GlobalFoundries, the parent company for chip-maker AMD, denied CNBC reports that it was working with Tesla on an AI self-driving chip, saying that Tesla has not committed to working with the company on any project.
CNBC reported Wednesday that Tesla may be undertaking production of its own AI chip for autonomous driving, however this was later corrected by GlobalFoundries who said that there is no deal with Tesla in the works.
“Tesla has not committed to working with us on any autonomous driving technology or product,” the spokesperson said in an email to Reuters on Thursday.
Instead, a company spokesperson told Reuters that there was a mix up in a company presentation that detailed companies interest from companies like Tesla and Google. The mixup prompted a big discussion about Tesla and CEO Elon Musk’s recent efforts to bring self-driving capabilities to Tesla drivers.
Musk has put the pressure on Tesla and its AI team by saying a fully autonomous drive from Los Angeles to New York would be completed by year’s end.

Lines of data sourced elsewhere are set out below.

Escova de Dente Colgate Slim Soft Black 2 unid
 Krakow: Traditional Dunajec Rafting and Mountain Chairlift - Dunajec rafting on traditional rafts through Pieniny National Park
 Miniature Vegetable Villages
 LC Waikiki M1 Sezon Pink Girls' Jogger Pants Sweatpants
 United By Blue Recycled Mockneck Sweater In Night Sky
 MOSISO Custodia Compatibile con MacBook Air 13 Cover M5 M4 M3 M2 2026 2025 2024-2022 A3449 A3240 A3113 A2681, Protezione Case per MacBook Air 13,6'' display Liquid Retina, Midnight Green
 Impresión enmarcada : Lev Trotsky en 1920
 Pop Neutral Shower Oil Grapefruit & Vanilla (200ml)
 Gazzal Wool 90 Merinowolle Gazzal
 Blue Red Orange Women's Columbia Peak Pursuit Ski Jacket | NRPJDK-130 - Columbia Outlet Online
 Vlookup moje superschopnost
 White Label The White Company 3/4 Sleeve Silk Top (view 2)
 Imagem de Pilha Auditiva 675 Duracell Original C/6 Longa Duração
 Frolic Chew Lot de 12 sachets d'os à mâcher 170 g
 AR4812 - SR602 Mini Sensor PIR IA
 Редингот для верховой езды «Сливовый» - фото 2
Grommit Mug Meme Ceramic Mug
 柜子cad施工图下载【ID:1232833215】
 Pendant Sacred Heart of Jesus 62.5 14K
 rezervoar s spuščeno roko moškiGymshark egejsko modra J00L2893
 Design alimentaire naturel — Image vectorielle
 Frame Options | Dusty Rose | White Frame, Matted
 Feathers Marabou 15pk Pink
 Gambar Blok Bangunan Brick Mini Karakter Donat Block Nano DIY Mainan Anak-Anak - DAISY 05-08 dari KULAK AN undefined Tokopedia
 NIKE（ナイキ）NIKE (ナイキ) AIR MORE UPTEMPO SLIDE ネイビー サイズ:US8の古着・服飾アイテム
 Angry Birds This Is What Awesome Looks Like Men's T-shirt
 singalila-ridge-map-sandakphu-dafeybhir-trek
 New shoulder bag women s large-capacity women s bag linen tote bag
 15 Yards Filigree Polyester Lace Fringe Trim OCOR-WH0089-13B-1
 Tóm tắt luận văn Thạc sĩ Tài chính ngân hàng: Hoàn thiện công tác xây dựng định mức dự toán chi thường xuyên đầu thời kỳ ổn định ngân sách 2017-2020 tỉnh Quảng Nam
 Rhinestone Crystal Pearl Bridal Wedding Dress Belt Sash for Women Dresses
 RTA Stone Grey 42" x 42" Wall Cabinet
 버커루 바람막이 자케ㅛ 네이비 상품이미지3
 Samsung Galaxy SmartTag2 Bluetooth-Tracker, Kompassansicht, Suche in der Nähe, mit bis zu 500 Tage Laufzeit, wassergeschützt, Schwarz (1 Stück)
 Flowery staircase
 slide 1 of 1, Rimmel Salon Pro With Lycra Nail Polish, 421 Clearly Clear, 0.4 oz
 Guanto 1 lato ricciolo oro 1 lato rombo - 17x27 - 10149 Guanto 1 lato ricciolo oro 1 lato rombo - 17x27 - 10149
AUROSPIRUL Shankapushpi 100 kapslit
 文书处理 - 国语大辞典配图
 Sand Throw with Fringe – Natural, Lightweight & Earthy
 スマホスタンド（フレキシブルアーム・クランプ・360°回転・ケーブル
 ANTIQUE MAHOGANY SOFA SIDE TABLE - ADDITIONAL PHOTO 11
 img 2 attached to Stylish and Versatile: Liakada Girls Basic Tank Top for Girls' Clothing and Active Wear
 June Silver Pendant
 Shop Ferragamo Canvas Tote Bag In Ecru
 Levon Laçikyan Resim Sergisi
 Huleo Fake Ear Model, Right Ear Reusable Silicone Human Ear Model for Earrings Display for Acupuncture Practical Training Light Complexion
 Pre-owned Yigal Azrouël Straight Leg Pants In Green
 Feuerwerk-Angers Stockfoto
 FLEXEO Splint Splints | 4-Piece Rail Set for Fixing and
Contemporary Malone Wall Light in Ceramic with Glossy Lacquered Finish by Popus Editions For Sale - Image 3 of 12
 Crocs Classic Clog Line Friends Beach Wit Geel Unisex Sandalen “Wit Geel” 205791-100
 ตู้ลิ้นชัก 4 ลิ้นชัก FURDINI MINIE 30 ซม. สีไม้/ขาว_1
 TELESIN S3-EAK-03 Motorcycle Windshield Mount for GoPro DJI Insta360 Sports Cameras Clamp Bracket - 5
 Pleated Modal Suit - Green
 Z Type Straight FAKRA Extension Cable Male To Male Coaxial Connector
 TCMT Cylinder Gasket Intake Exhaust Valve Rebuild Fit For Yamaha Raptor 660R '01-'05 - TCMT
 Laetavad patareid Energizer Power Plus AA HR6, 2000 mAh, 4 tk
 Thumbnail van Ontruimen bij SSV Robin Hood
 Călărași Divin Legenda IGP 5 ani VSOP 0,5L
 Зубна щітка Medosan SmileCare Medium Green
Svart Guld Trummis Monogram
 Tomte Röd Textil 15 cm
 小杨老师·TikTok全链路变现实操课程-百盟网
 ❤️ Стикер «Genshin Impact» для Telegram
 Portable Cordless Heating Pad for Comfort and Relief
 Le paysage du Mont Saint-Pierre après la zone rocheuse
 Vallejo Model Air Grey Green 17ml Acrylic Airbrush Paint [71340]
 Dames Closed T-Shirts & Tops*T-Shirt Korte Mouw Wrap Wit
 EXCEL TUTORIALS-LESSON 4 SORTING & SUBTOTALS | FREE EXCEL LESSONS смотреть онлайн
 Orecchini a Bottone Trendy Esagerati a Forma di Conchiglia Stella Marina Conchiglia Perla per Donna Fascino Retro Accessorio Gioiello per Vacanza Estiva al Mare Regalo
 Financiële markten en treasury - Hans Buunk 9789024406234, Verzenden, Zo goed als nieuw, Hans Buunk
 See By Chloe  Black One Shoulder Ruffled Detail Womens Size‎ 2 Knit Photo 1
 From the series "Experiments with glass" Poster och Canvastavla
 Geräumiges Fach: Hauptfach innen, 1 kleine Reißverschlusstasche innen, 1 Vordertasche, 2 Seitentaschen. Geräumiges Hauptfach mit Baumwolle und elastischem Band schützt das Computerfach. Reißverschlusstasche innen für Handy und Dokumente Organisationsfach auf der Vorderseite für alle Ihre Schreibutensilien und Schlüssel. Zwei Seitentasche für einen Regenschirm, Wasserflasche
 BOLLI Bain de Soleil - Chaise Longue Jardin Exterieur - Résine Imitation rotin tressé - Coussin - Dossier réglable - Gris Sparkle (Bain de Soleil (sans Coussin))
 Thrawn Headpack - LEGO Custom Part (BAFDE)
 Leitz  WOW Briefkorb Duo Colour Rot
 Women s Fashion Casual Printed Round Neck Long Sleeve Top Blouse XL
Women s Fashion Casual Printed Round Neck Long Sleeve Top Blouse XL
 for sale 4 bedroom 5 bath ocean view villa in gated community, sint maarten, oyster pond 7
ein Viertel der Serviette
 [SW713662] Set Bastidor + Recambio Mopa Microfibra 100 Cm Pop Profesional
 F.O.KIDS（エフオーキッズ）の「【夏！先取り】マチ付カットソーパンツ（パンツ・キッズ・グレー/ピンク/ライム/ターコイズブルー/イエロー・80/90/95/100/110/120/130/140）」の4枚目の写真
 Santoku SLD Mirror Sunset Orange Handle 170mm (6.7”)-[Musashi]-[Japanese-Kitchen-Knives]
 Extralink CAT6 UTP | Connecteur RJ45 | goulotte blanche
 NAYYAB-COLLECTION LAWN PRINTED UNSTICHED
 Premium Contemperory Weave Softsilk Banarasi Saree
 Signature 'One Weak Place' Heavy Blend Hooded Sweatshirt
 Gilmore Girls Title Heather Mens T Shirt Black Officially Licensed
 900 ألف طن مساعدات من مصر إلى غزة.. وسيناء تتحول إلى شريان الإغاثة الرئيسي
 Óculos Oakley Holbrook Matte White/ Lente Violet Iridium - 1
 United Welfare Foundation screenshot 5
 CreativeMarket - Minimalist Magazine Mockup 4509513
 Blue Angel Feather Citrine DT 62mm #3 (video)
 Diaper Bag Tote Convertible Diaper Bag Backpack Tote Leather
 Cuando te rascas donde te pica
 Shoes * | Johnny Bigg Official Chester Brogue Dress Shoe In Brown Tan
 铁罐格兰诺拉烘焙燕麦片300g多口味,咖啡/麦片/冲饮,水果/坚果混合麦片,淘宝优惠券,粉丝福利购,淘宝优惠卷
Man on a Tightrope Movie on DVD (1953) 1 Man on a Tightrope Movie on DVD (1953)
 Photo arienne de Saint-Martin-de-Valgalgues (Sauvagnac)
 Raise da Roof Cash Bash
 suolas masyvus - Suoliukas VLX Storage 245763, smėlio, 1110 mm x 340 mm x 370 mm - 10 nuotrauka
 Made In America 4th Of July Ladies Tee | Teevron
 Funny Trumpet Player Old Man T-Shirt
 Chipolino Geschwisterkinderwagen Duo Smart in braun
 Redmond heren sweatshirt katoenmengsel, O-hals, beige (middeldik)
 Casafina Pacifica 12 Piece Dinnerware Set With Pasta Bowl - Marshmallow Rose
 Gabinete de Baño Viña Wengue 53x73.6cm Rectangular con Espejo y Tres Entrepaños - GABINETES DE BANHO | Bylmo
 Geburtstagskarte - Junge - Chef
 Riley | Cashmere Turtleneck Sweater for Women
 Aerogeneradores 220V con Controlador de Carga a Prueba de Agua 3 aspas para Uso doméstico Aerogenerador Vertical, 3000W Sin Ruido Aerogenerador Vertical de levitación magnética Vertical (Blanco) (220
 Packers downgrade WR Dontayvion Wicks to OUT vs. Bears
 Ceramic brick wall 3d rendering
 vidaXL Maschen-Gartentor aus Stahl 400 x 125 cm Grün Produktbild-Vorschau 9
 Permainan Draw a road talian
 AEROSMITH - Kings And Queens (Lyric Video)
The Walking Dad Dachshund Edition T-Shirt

“November or December of this year, we should be able to go all the way from a parking lot in California to a parking lot in New York with no controls touched in the entire journey,” Musk said.
Recent reports have surfaced that show Tesla has increased data gathering on autonomous vehicles as well. The wider range of data being collected includes driver interventions of Autopilot’s Autosteer feature, road classifications, as well as vehicle speed against a curve radius of any given road.
Musk’s bold claims, combined with increased data gathering and now rumors surrounding vertically integrating an AI chip production process, fortifies Tesla’s push to develop a fully autonomous vehicle as soon as possible.
Tesla’s Director of Artificial Intelligence Andrej Karpathy recently tweeted open opportunities on Tesla’s Autopilot Vision team.
We're hiring strong ML/CV/Roboticists for the Tesla Autopilot Vision team. We ship autonomy at scale. Join us: email@example.com
— Andrej Karpathy (@karpathy) August 30, 2017
Karpathy replaced longtime Apple executive Chris Lattner as Director of Artificial Intelligence after both Lattner and Tesla believed he wasn’t a good fit for the position.